The later point is illustrated in the following example:

ResultSet rset = stmt.executeQuery
        ("select DATECOL, LONGCOL, NUMBERCOL from TABLE");
while rset.next()
{
   int n = rset.getInt(3);  // This discards the streaming data
   InputStream is = rset.getAsciiStream(2);
                            // Raises an error: stream closed.
}

If you get the stream but do not use it before you get the NUMBER column, then the stream still closes automatically:

ResultSet rset = stmt.executeQuery
                 ("select DATECOL, LONGCOL, NUMBERCOL from TABLE");
while rset.next()
{
   InputStream is = rset.getAsciiStream(2); // Get the stream
   int n = rset.getInt(3);
   // Discards streaming data and closes the stream
}
int c = is.read(); // c is -1: no more characters to read-stream closed

12.7.2 About Using Streams to Avoid Limits on setBytes and setString

Starting from Oracle Database 12c, the size limit of the data that is used with the setBytes and setString methods, have been increased significantly. Any Java byte array can be passed to setBytes, and any Java String can be passed to setString. The JDBC driver automatically switches to using setBinaryStream or setCharacterStream or to using setBytesForBlob or setStringForClob, depending on the size of the data, whether the statement is SQL or PL/SQL, and the driver used.

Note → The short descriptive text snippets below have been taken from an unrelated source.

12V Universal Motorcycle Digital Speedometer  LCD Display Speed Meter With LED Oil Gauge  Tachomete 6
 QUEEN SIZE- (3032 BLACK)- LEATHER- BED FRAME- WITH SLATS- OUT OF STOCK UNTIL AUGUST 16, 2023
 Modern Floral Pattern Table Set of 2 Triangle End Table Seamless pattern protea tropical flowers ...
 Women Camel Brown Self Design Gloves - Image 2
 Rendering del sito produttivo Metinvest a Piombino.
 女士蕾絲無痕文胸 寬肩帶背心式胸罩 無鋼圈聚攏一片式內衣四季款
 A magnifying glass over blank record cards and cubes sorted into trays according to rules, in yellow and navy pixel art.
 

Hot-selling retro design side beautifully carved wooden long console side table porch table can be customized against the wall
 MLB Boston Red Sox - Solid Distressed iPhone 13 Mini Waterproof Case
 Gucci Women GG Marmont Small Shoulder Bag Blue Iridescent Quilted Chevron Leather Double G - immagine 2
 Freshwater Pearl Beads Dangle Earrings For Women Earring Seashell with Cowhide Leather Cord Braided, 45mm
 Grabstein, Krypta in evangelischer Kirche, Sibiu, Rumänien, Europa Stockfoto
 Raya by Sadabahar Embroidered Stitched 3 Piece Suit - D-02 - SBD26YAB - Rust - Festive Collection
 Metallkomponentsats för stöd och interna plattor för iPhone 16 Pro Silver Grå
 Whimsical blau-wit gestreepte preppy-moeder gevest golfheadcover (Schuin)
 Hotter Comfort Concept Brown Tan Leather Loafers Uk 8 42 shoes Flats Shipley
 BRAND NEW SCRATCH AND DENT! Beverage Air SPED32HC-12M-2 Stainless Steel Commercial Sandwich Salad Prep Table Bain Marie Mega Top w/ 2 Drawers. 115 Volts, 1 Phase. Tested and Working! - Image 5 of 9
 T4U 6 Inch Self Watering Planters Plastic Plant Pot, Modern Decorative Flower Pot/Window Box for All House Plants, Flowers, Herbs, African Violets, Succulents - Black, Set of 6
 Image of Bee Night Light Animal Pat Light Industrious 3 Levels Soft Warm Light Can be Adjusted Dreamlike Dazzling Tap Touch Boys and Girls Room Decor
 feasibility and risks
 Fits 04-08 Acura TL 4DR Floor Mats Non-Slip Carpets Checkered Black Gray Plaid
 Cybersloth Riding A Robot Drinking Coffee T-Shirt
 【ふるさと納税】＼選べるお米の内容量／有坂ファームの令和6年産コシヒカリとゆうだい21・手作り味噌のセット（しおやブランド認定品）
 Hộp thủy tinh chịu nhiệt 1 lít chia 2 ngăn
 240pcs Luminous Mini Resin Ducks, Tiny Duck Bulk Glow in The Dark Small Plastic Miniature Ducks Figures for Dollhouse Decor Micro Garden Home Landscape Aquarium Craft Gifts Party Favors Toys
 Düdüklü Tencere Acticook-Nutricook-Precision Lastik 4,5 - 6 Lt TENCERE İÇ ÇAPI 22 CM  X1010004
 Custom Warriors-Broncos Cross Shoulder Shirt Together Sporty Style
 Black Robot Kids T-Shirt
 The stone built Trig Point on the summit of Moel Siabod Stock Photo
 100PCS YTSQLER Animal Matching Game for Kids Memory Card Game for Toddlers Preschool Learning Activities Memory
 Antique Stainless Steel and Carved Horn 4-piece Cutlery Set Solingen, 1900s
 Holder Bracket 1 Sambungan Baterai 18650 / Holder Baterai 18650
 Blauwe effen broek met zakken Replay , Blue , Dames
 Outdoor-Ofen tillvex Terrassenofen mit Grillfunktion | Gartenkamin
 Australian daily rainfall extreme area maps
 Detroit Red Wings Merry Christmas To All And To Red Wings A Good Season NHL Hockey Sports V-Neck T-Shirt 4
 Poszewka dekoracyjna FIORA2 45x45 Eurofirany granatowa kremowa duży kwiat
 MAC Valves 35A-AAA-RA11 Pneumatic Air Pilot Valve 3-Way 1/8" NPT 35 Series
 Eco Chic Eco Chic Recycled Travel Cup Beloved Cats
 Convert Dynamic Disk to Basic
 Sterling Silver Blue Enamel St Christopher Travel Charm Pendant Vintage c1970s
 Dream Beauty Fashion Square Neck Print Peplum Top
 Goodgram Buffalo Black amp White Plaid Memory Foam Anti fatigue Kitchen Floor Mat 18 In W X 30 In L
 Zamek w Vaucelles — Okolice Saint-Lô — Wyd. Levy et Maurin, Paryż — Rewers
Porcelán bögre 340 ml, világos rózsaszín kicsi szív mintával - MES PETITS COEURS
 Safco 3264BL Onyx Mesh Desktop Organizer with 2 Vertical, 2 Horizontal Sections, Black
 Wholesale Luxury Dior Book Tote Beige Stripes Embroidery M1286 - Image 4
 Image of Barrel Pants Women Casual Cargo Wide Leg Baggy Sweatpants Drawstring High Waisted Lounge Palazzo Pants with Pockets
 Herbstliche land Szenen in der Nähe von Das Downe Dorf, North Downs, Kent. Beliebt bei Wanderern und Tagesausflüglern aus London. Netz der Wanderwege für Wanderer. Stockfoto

There are some limitation with earlier versions of Oracle Database and in the server-side internal driver.

Related Topics

12.7.3 Relation Between Streaming and Row Prefetching

If the JDBC driver encounters a column containing a data stream, then row fetch size is set back to one. Row fetch size is an Oracle performance enhancement that enables multiple rows of data to be retrieved with each trip to the database.